Leaving the pictures aside, repeat each line below exactly.

Collected data:
* * *

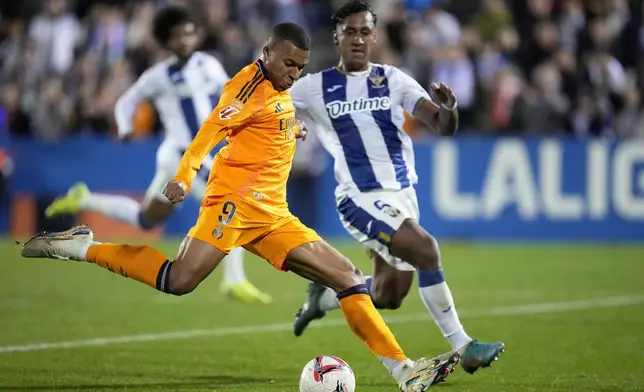 Real Madrid's Kylian Mbappe attempts a shot at goal during a Spanish La Liga soccer match between CD Leganes and Real Madrid in Leganes, outside Madrid, Sunday, Nov. 24, 2024. (AP Photo/Bernat Armangue)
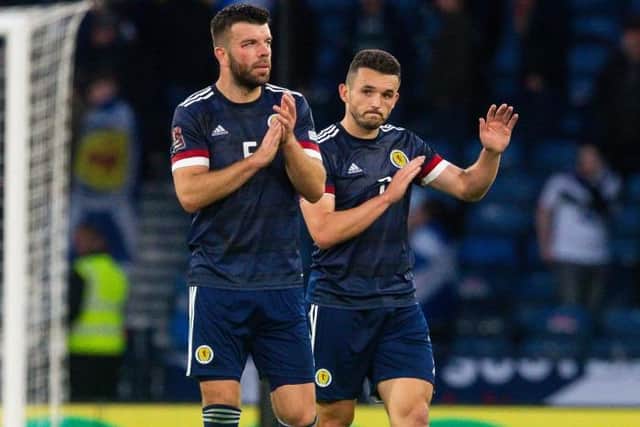 Grant Hanley (L) and John McGinn of Scotland applaud the home support at full time. (Photo by Ewan Bootman / SNS Group)
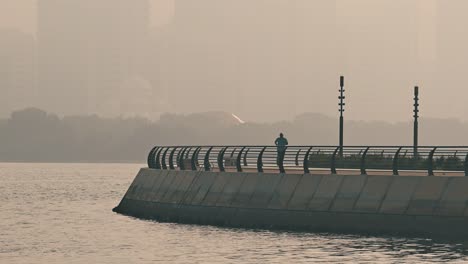 A-resident-taking-a-walk-during-a-misty-morning-at-Khalid-Lake-in-Sharjah,-United-Arab-Emirates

* * *

Response:
 Real Madrid's Kylian Mbappe attempts a shot at goal during a Spanish La Liga soccer match between CD Leganes and Real Madrid in Leganes, outside Madrid, Sunday, Nov. 24, 2024. (AP Photo/Bernat Armangue)
 Grant Hanley (L) and John McGinn of Scotland applaud the home support at full time. (Photo by Ewan Bootman / SNS Group)
 A-resident-taking-a-walk-during-a-misty-morning-at-Khalid-Lake-in-Sharjah,-United-Arab-Emirates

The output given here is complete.